*Requirement*
Write out every entry exactly; the pictures do not belong in the copy.

*Short text fragments from websites*
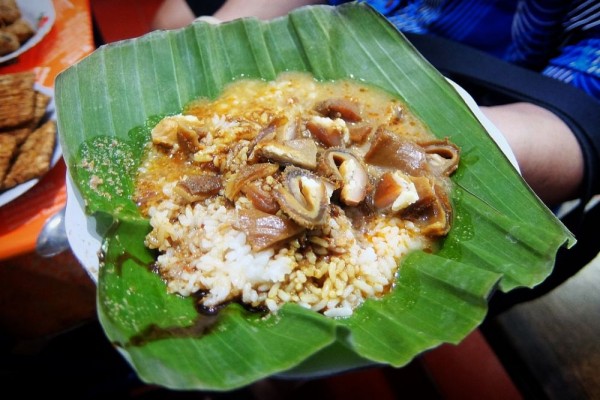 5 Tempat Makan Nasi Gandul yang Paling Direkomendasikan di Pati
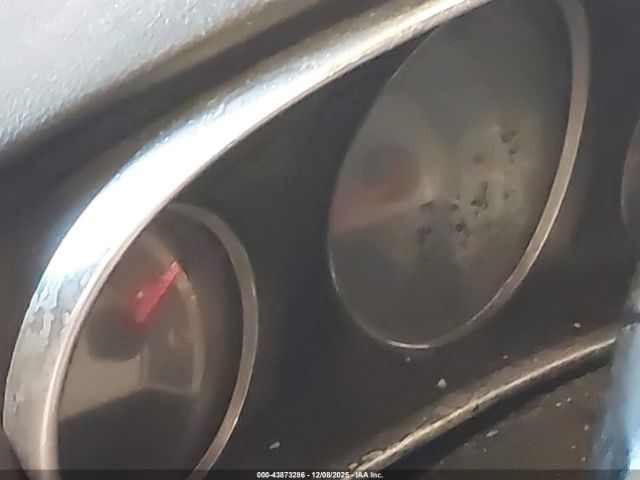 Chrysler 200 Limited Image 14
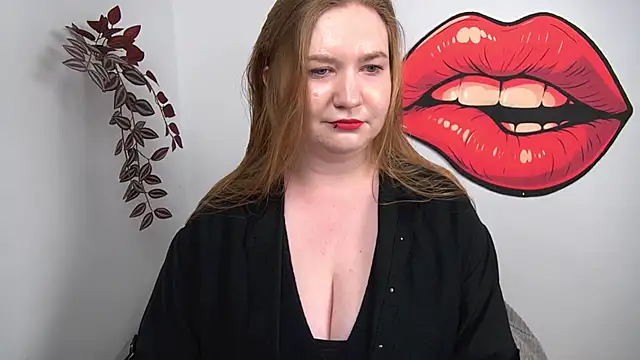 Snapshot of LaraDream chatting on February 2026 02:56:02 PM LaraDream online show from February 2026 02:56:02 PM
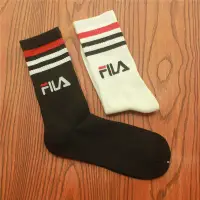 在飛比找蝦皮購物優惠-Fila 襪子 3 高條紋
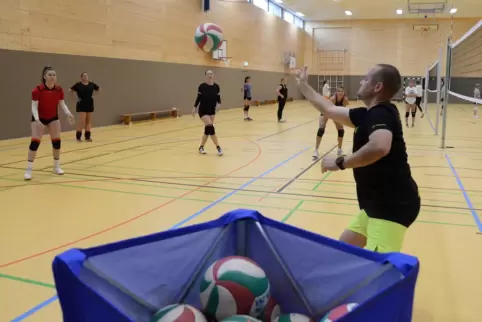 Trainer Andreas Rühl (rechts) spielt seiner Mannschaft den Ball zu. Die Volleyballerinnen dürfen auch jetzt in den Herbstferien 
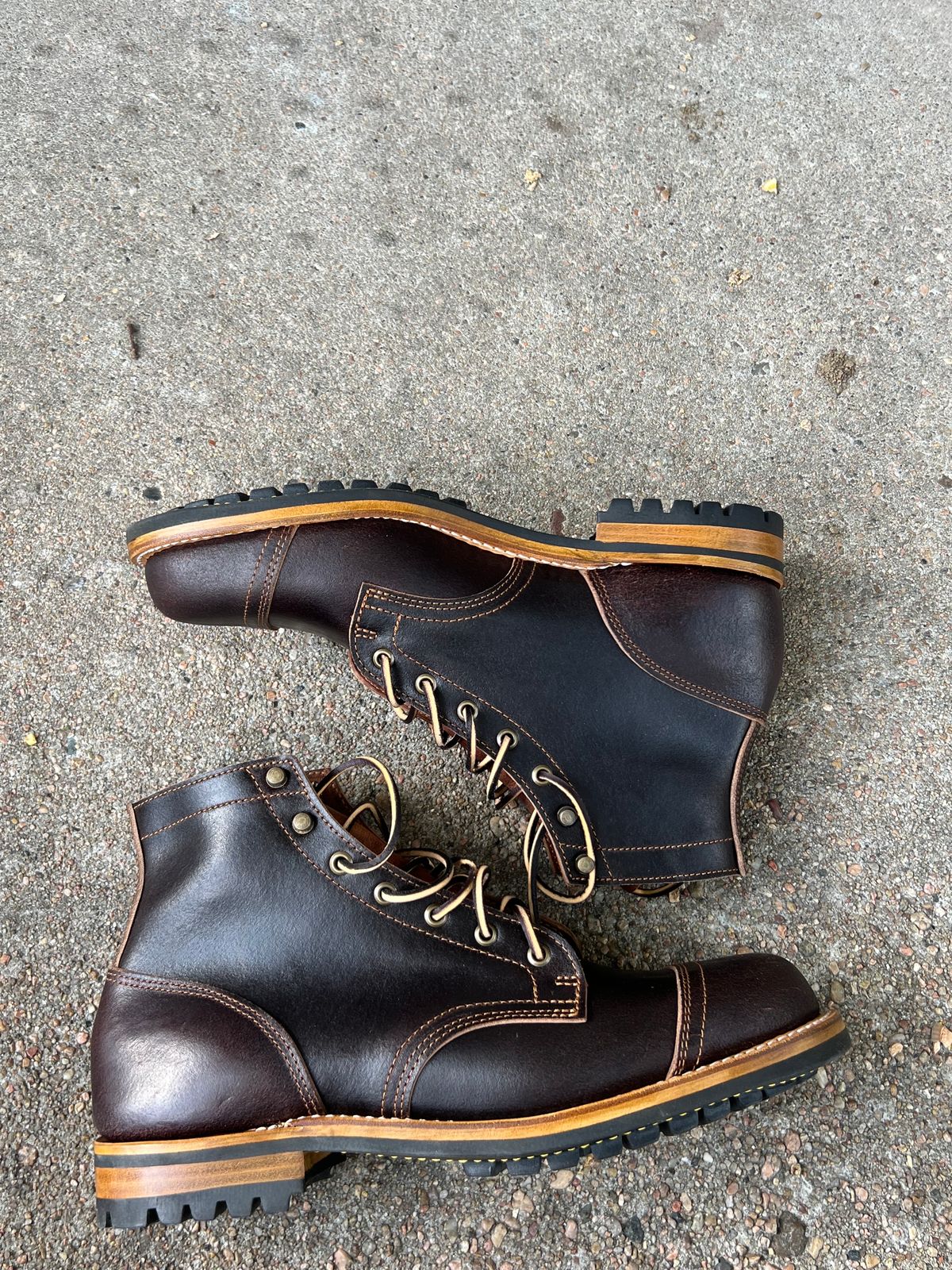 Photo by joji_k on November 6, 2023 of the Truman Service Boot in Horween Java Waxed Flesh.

*Exercise solution*
 5 Tempat Makan Nasi Gandul yang Paling Direkomendasikan di Pati
 Chrysler 200 Limited Image 14
 Snapshot of LaraDream chatting on February 2026 02:56:02 PM LaraDream online show from February 2026 02:56:02 PM
 在飛比找蝦皮購物優惠-Fila 襪子 3 高條紋
 Trainer Andreas Rühl (rechts) spielt seiner Mannschaft den Ball zu. Die Volleyballerinnen dürfen auch jetzt in den Herbstferien 
 Photo by joji_k on November 6, 2023 of the Truman Service Boot in Horween Java Waxed Flesh.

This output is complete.